However, even the most ethical consumer might find a need to resort to ordering something from McDonald's every once in a while, particularly when you're in a dead zone of decent food—highway rest stops, say, or any airport in the United States, or, as is most frequently the case for me, the LIRR station at Atlantic Avenue in Brooklyn—places where there's nothing at all that's worth eating, purely from the perspective of gustatory pleasure. But if a McDonald's is around and it's still serving breakfast, know that there is a little light in that momentary culinary darkness, and that light is a breakfast sandwich with a hash brown slid into the muffin*.
** The breakfast sandwiches that don't use the muffin? The ones with the folded egg slab (?) instead of the thing that seems like an actual egg? They aren't worth a damn, to me, so we'll speak no more of them, here.
This isn't anything new, of course. Other food publications have covered this topic before, although without a McDonald's focus (and in that, they made a grievous error of taste, if not ethics). Yes, the world has already been told that a hash brown added to an egg sandwich is a very good thing to eat.
But why stop with egg sandwiches?
Home from college, after that life-changing experience with the cafe cook, I found myself jet-lagged in Hong Kong, awake at 4 a.m. while my family slumbered on, so I went to the McDonald's down the block, which was the only thing open at that time. Unlike the franchises in the United States, franchises in Asian countries typically offer the Filet-O-Fish for breakfast. If the McDonald's hash brown is the best thing the company has created—and it is—the second best is the Filet-O-Fish, and I did what any reasonable human would do, and put them together.
You can imagine what it's like—the soft bun, with its melted slice of American on one half and the blob of mayo-with-veg we know as tartar sauce on the other, encasing two fried patties, one oblong one of reconstituted potato mush and the other a square of flaky pollock that's miraculously identifiable as once having actually been a fish—but I have to recommend you actually try it to get the full experience; it's mystifyingly delicious. One of its most appealing qualities is the way it reveals the crispiness of the fish puck and the hash browns to be a lie: they aren't crispy like a chicken cutlet or the outer edge of battered and fried chicken; they aren't crispy in the way that crispy things feel like when they shatter against your teeth, like potato chips, or shrimp crackers; they aren't crispy at all, really. Instead, when mushed up one against the other, what's revealed is that they carry a suggestion of crispiness, sort of like if LaCroix has a crispy flavor, even while they're soft as the doughy bun they're encased by. It's a weird trick, and I find it fun rather than disappointing. And of course the combination tastes good because everything in the bun is that signature fast food mix of sweet, salty, MSG-y, and fried.
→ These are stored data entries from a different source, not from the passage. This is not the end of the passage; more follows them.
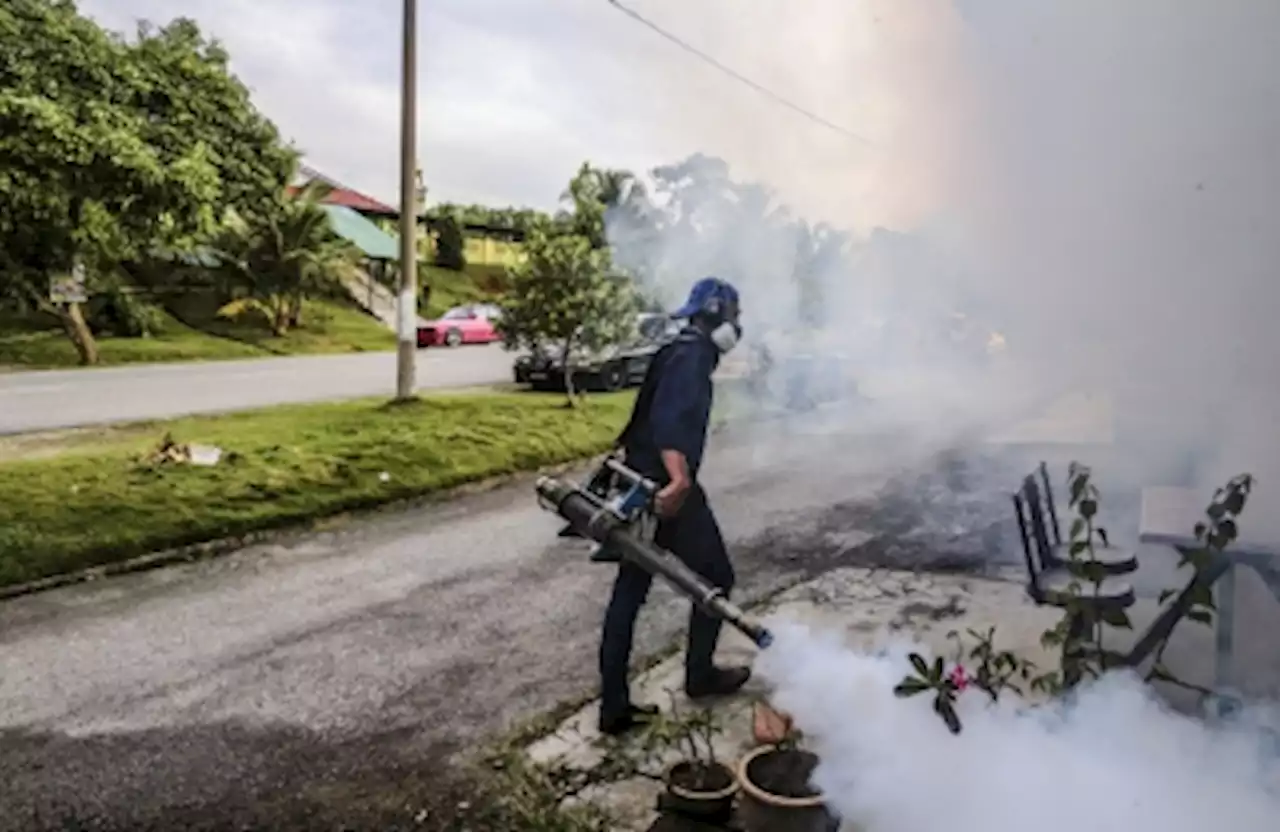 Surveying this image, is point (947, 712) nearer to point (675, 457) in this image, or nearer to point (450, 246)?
point (675, 457)

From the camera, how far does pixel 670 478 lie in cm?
374

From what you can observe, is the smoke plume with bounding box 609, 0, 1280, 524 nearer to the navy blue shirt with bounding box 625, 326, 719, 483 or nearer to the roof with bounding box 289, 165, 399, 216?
the navy blue shirt with bounding box 625, 326, 719, 483

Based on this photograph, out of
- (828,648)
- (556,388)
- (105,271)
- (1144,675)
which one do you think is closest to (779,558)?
(828,648)

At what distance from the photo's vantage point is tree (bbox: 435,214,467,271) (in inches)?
968

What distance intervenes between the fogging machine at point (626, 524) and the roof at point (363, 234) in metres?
24.2

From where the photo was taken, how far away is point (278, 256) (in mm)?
23344

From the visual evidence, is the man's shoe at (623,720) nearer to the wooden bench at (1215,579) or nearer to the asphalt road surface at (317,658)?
the asphalt road surface at (317,658)

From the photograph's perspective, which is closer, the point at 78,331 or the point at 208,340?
the point at 78,331

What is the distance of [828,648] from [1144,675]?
1.06 m

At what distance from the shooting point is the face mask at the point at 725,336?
384cm

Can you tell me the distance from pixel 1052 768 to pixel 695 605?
1.33m

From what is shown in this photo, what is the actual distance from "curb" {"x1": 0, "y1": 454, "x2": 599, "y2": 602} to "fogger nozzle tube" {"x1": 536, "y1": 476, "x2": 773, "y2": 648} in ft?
12.6

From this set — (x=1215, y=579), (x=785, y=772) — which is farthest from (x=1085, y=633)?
(x=785, y=772)

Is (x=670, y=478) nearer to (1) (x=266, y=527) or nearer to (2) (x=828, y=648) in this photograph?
(2) (x=828, y=648) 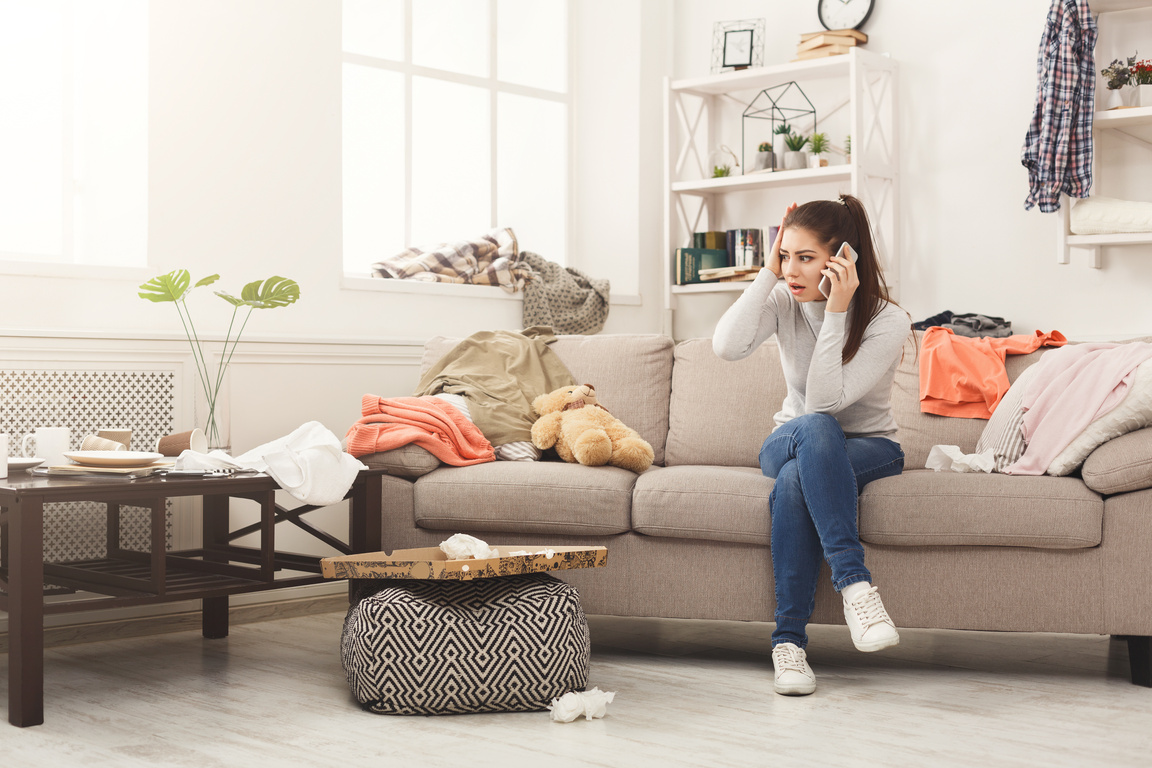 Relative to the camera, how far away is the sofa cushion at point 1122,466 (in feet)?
7.61

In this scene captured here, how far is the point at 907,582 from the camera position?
8.12 ft

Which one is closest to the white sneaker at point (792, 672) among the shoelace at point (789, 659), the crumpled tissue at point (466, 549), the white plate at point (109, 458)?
the shoelace at point (789, 659)

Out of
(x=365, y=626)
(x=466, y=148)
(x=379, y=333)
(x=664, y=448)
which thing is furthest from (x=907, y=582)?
(x=466, y=148)

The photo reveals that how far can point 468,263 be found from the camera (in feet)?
13.1

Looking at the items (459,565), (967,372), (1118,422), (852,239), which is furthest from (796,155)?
(459,565)

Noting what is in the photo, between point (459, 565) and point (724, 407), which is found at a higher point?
point (724, 407)

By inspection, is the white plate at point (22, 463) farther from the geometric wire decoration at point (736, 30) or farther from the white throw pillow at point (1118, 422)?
the geometric wire decoration at point (736, 30)

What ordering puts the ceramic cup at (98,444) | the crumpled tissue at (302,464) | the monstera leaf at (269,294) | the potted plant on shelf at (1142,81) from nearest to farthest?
the crumpled tissue at (302,464) < the ceramic cup at (98,444) < the monstera leaf at (269,294) < the potted plant on shelf at (1142,81)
It can be a little tricky getting both a hash brown and a Filet-O-Fish in the US, unless you're near a franchise that offers the sandwich menu all day (lucky you). If you can't get the hash brown and you're thinking of trying French fries in its place, don't do it. Look at this:
It looks unappealing, and it isn't architecturally sound: You'll pull whole fries (similarly uncrispy) out of the sandwich unless you exert a lot of pressure with each bite.
Instead, I suggest you do what I do, which I admit is simpler for me because I have a toddler and we typically start thinking about lunch around 11 am: Go to your local McDonald's just before they switch over to the lunch menu, grab a hash brown, wait a few minutes, then order the Filet-O-Fish. You will feel awful after eating it, of course, and you may feel awful while eating it, too, but I don't think anyone can deny the damn thing is delicious.